Tuesday, April 5, 2011

Sunday, April 3, 2011 (Hanoi)

HANOI IN BLOOM: We got up pretty early on Sunday and headed to the wholesale flower market in Hanoi. It's a stunning place. The flowers are incredible. So are the hard-working and focused women who are there. They show up around midnight; by 8 a.m. about everything is sold. Bicycles and motorbikes are laden with the flowers that will be sold in shops and at street corners throughout the city. Today, yellow was big presence today because of the beginning of the lunar month.

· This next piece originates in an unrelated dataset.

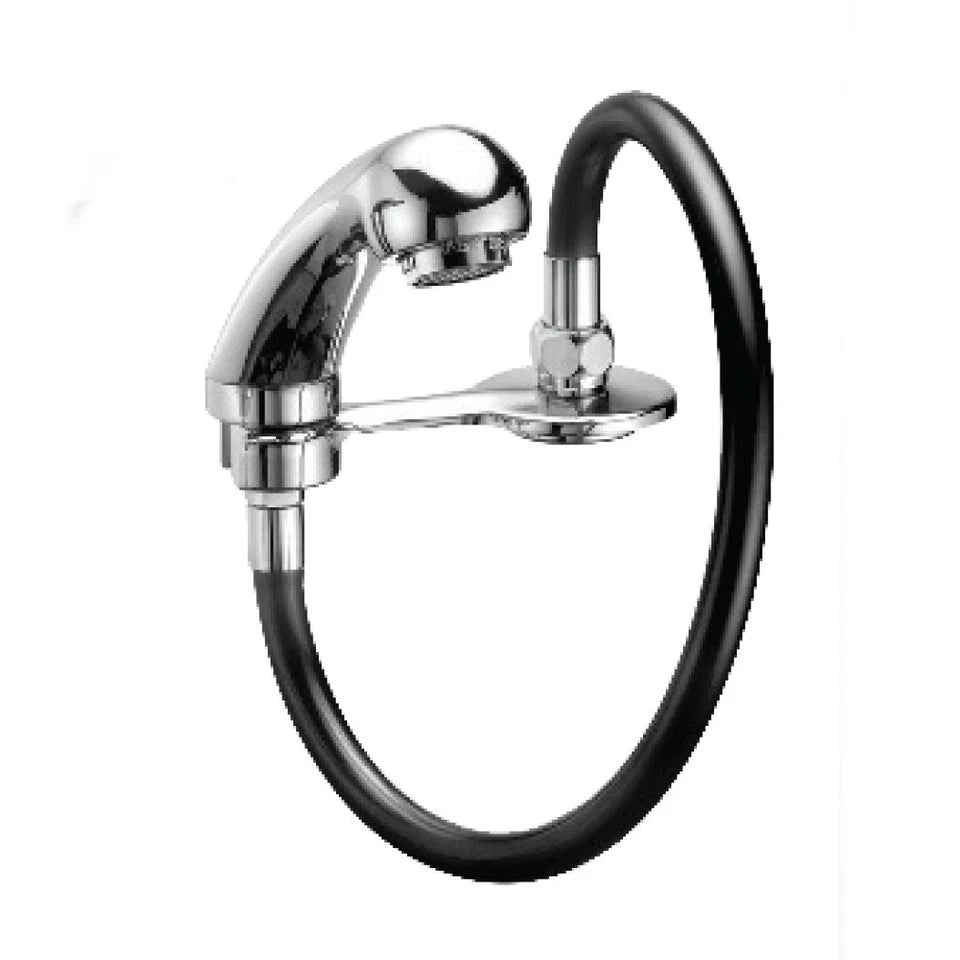 DOCCETTA KIT UNIVERSALE LAVATESTA PARRUCCHIERE Doccetta classica acquastop + 2 Soffioni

SOME OLD HANOI AND NEW HANOI: After the flower-market visit, we saw some flowers in action--at the mausoleum of Ho Chi Minh's, where we were part of a big crowd filing past the body of the much-revered leader (and former busboy at the Parker House in Boston). The location was (obviously) an island of calm in the midst of the hectic traffic of Hanoi. One of the items on the grounds of the mausoleum and residence was an "air raid warning" device. This, obviously, dealt with the bombings of the city during the Vietnam War (or, as our guide called it, "the American War"). It was a shell casing, which, when struck, made a gonging sound.
Later, we went to the Tran Quoc Pagoda and the Temple of Literature. That last place is considered Vietnam's seat of learning. It includes Van Mieu, a temple dating back to 1070 that honors Confucius, and Quoc Tu Giam, an institute set up six years later to teach the philosopher's doctrines. This place is a favorite spot for photographing young students who dress specifically for the occasion (right).
After that, we separated from our guide/driver and spent some of the evening roaming the streets of the Old Quarter (near our hotel). We had a fabulous dinner at the Green Tangerine.
On the walk home, we ran into some after-dark break dancers (right) who were twirling, tumbling, spinning and spilling themselves in the Indira Gandhi Park on a terrace under the watchful eye of the statue of Ly Thai To, the first king of the dynasty that ruled the area for about 200 years, until 1225. It's on the southwest side of Lake Hoan Kiem, the home of some endangered turtles and the figurative heart of the city. The dancers weren't quite as organized and as in-step as the mausoleum guards (above) but were mesmerizing.

Sunday, April 3, 2011

April 2, 2011 (Hanoi)

HANOI: WHERE THE TRAFFIC LAWS GO TO DIE: My head is still spinning from a cyclo (aka rickshaw) ride through the 36 Streets of the Old Quarter in Hanoi. The delightful excursion rivals many amusement park rides for near-misses, sharp turns, loud noises etc. Prominent here, of course, are the 3.5 million or so motorcycles-scooters that swarm through the streets. The buzzing is incredible. The notion of a four-way stop would be simply absurd. One comforting thought is that riders generally keep to the right side of the road. Unless they don't. A couple things to remember:
1. Two solids CAN occupy the same space;
2. For every action there is a SEPARATE AND NOT EQUAL REACTION;
3. Force=Mass(x)Acceleration (-) the speed of light.
The honking is crazy (especially after Singapore). I think it's another language. Special honking says:
Get out of the way, I'm going through the red light.
Hey, don't you think my scooter looks good?
Hey, don't you think I look good?
Hey, I think you look good.
Hey, I think your scooter looks good.
I'm speeding up.
I'm slowing down.
I'm thinking about turning.
I'm NOT thinking about turning.
All the while, many drivers are moving great volumes of people and material (see photos). All very ambitious. When it comes to loading things on a motorbike or scooter, our guide, Minh, says, "Anything is possible."